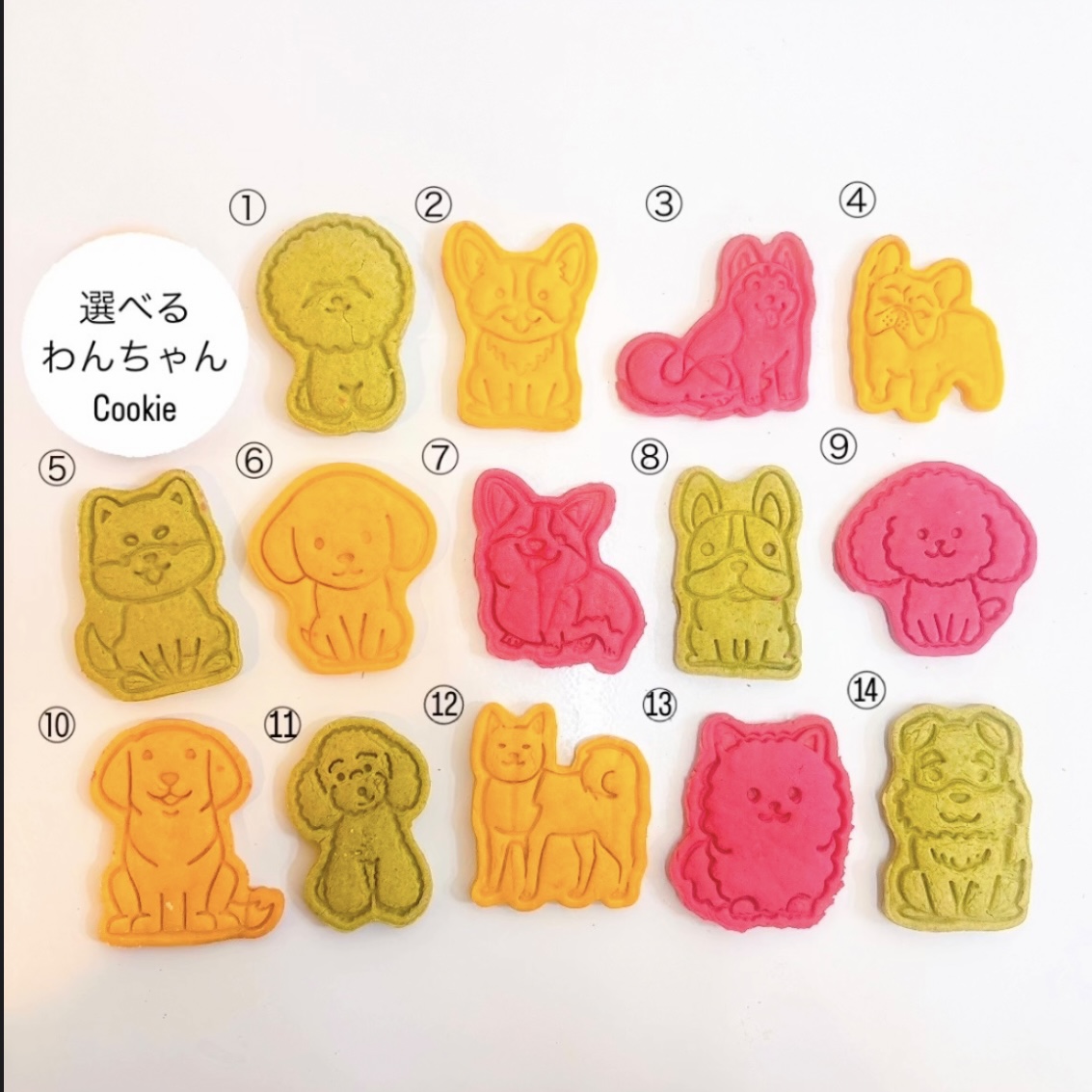 選べるわんちゃんクッキー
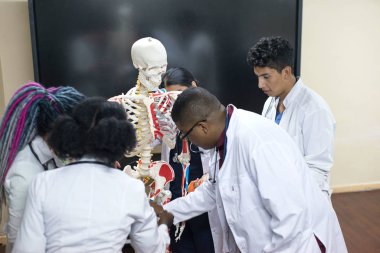 Tıp öğrencileri iskeletteki insan yapısını inceliyor. Farklı cinsiyetten, farklı ırklardan bir grup genç, tıp kıyafetleri içinde, sınıfta.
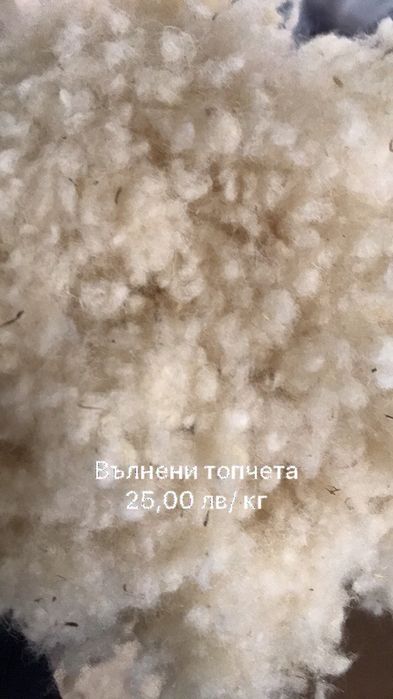 Дарашка лента багрена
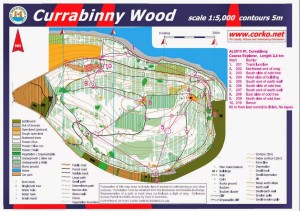 Currabinny Woods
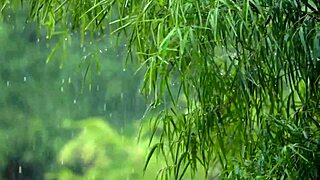 learn how to perform oral sex on your girl with cristian cipriani 😏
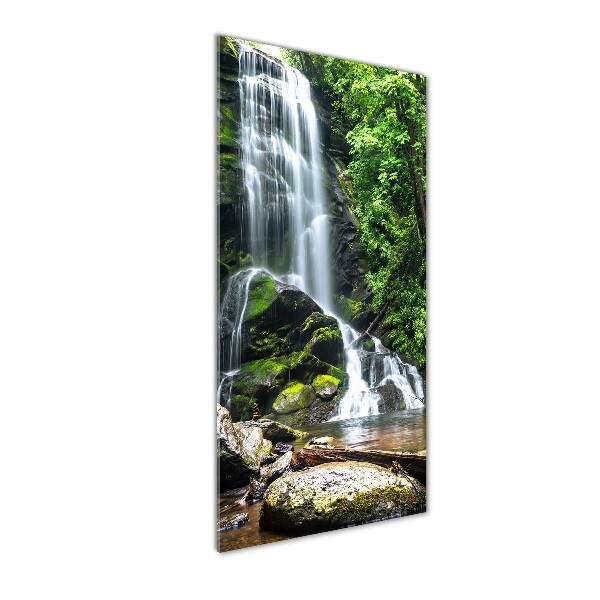 Cuadro decorativo en cristal con canto pulido vertical Cascada en la selva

Problem: Could all the data above be given again exactly, leaving out its images?

Solution to the problem:
 選べるわんちゃんクッキー
 Tıp öğrencileri iskeletteki insan yapısını inceliyor. Farklı cinsiyetten, farklı ırklardan bir grup genç, tıp kıyafetleri içinde, sınıfta.
 Дарашка лента багрена
 Currabinny Woods
 learn how to perform oral sex on your girl with cristian cipriani 😏
 Cuadro decorativo en cristal con canto pulido vertical Cascada en la selva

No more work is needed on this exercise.